MIKHAEL KALE | SPRING / SUMMER 2013
Showing for the first time at London Fashion Week Canadian designer Mikhael Kale presented his Spring / Summer 2013 collection via a static exhibition alongside a supporting short film at the London Film Museum.
With a cast of windswept models placed motionlessly in the eerie underground space, the highly conceptual and equally stylized collection made a strong statement while giving off an otherworldly and almost lifeless air.
The inspiration behind Kale’s collection came from artist Nigel Scott and his reflective work entitled ‘Conversations With Blue’. The art series looked back at the three years of Scott’s life in which he cut himself off from the rest of the world after losing his last living relative.
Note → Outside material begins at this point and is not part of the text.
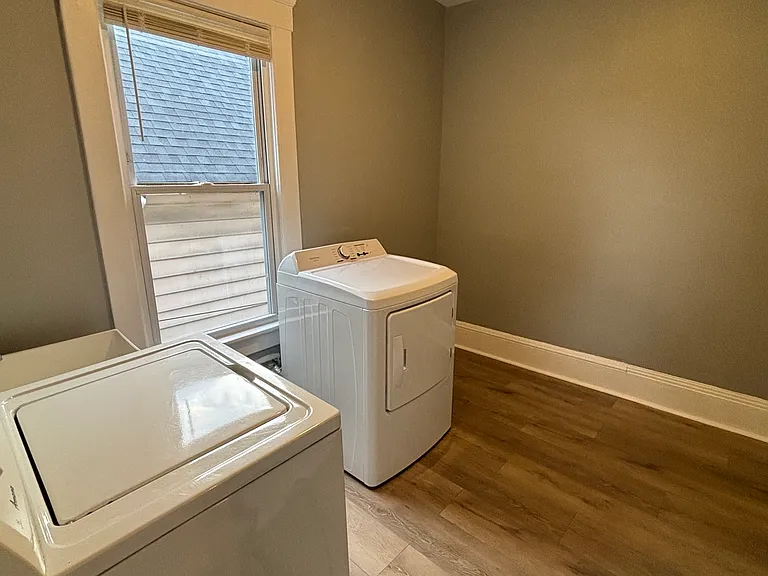 2303 Althen Ave #UP — Photo 3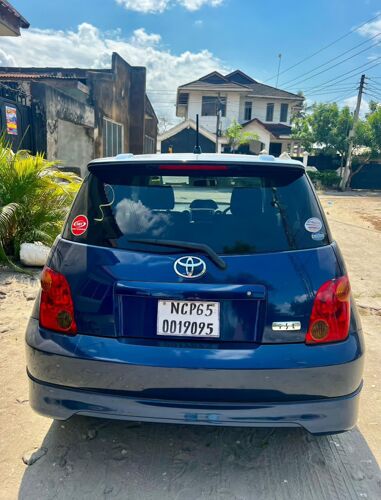 Toyota ist chassis number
Scott spent those days catching waves and building an emotional connection with the ocean.
The artist’s self-inflicted hibernation and relationship with his surf board and the water is clearly reflected in Kale’s collection. Lace was layered over striking tie-dye prints and bluey greens which communicated the shades and depths of the ocean. Elsewhere, painstaking beadwork and sequins echoed the sun and moonlight reflecting of the water’s surface and black mesh overlays nodded to fishermen’s nets and seaweed.
Tailoring was an important staple of the Kale Spring / Summer 2013 offering; heavy ruffles flowed down the bottom of a fitted lace dress and was almost reminiscent of crustaceans or the fins of an elegant sea-dwelling creature.
Multipurpose outerwear was worn either as formal jackets or more casual loose-fitting capes. Although, this season marked the designer’s first attempt at exploring print, he mastered the technique beautifully and captured the call of the ocean with an effortless seduction.